Ideally, we would like to choose a simple random sample.

A simple random sample is a subset (I will explain this concept of a subset when we start on probability) of a population in which each member of the subset has an equal probability of being chosen. It is meant to be an unbiased representation of the group.

Therein lies problem number 3; it is almost impossible to pick a truly random sample. Maybe the only way to do it is if you had the names of all the taxi drivers, put them in a hat and draw your sample at random. But then you will encounter problems when the members of the sample are too widely spread, or if by some coincidence, all of them belong to one company, or some issue like that. The more likely problem is that we do not have the names of all the taxi drivers in Nairobi. These issues increase the likelihood of a sampling error.

Sampling Error: if the sample does not accurately reflect the population it is supposed to represent. We want to minimize sampling error as much as possible.

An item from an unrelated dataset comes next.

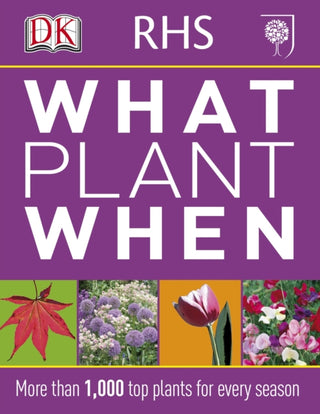 Cover image for 9781405362979 - RHS What Plant When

It would be easier if we had a method for dividing up the population into manageable units from which we could draw our sample. This is called stratified random sampling. We divide the population into strata (units or divisions) based on some meaningful criteria. In our case, we could divide the sample into geographic regions, e.g. the CBD, Upperhill, Westlands, Harlingham. Then we take a random sample of taxi drivers in that area.

Remember that we are not interested in just the sample, but we want to know the effect of the parking fee increase in the entire taxi business. But we are only getting views for a smaller group (subset) of taxi drivers. Therefore, once we get the results, we have to infer what the population would be.

Statistical inference makes use of information from a sample to draw conclusions (inferences) about the population from which the sample was taken.

Election poll results are an example of statistical inference.

Let’s define two more terms before we proceed:

A parameter is a value, usually unknown (and which we, therefore, are trying to estimate), used to represent a certain population characteristic. The mean, for instance, is a population parameter used to indicate the average value of a particular quantity. In statistics, parameters are represented by Greek letters (for example µ for mean).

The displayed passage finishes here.